FDA Warning
FDA Warning has been released. The FDA has not established the survival advantages and risks compared to traditional procedures — and educated providers and patients that it has not yet accepted any system for operations — specifically mastectomies.
The bureau’s security communication is in response to reports in the science journals and elsewhere, such as in the media and promotional materials, that describe physicians and hospital programs which use robotically assisted surgical devices for mastectomy.
Specifically, the FDA Warning said that it had been conscious of some peer-reviewed journals reporting bad patient outcomes, including one restricted report printed in the New England Journal of Medicine last November describing lower long-term disease-free survival in robot-assisted hysterectomies for cervical cancer.
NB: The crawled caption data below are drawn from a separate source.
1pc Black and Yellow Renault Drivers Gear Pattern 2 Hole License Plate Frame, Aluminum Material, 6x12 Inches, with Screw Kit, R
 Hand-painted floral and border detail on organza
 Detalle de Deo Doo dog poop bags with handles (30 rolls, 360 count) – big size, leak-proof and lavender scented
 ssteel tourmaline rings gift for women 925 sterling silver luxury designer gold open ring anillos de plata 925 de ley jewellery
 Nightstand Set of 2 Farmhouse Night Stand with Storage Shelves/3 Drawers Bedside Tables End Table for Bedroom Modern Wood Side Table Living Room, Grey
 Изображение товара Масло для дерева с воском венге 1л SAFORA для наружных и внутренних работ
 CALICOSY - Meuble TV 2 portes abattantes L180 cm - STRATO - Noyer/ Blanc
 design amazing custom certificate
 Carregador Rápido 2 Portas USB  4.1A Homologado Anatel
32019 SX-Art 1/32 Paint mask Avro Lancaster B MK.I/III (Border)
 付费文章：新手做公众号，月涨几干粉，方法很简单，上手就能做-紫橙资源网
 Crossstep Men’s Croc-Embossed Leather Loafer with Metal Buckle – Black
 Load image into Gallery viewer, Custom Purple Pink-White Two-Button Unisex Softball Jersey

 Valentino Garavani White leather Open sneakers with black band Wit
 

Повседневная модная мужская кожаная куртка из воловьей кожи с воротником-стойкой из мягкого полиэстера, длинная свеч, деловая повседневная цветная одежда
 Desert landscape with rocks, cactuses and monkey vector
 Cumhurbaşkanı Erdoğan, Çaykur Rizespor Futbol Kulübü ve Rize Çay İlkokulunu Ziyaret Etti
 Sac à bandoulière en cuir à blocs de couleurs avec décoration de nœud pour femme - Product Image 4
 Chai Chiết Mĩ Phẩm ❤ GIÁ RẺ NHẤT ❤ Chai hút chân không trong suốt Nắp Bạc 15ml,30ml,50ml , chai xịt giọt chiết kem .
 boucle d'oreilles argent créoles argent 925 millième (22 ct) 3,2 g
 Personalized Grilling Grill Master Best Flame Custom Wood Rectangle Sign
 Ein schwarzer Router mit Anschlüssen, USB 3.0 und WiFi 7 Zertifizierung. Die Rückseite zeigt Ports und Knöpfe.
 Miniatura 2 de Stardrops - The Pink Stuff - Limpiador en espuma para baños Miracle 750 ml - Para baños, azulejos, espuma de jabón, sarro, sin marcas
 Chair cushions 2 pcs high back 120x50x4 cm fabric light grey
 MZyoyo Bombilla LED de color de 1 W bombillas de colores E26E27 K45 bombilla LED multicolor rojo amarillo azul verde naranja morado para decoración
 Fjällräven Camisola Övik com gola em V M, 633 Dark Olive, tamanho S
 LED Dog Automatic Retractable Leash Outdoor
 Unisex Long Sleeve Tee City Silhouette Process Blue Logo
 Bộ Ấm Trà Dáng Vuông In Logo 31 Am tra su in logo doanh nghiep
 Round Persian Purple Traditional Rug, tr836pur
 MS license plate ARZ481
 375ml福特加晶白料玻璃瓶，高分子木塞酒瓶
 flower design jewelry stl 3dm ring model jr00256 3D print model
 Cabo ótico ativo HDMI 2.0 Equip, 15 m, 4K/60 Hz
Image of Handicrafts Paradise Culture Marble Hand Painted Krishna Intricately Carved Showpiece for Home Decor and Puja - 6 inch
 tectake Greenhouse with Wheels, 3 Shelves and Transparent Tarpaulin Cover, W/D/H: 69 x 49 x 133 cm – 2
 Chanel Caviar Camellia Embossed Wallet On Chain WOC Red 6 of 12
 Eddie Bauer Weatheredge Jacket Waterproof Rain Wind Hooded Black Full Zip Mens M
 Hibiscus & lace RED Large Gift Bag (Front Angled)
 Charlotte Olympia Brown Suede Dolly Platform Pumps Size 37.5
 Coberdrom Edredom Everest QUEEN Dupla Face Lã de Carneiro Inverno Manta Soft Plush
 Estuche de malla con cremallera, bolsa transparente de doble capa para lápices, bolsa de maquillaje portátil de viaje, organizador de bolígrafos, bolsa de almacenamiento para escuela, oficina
The bureau also said it has received a few medical device accident reports after cancer-related procedures.
“Our surveillance utilizing multiple tools–medical device reports, patient registries, scientific research –helps us monitor and identify possible issues with medical devices as they arise,” Terri Cornelison, M.D., Ph.D., assistant director for the health of women from the FDA Warning Center for Devices and Radiological Health, said in an agency announcement . “We want doctors and patients to be aware of the dearth of proof
of safety and effectiveness for these uses in order that they could make better-informed decisions about their cancer treatment and care.”The NEJM study, financed by Medtronic and MD Anderson Cancer Center, compared the noninferiority of laparoscopic and robot-assisted hysterectomy to start surgery, monitoring cervical cancer patients for four-and-a-half years. It found that the speed of disease-free survival was 86.0% with minimally invasive surgery, compared to 96.5% with open surgery.
Thus far, the product evaluations of the FDA Warning have mostly focused on tracking the 30 days after a robotic process for complication rates and comparing them to alternative surgical methods. A fuller evaluation of surgery apparatus for therapy or the prevention of cancer would need to include analyses of clinical outcomes like disease-free survival local tumor recurrence or overall survival across a much longer timeframe, the agency said.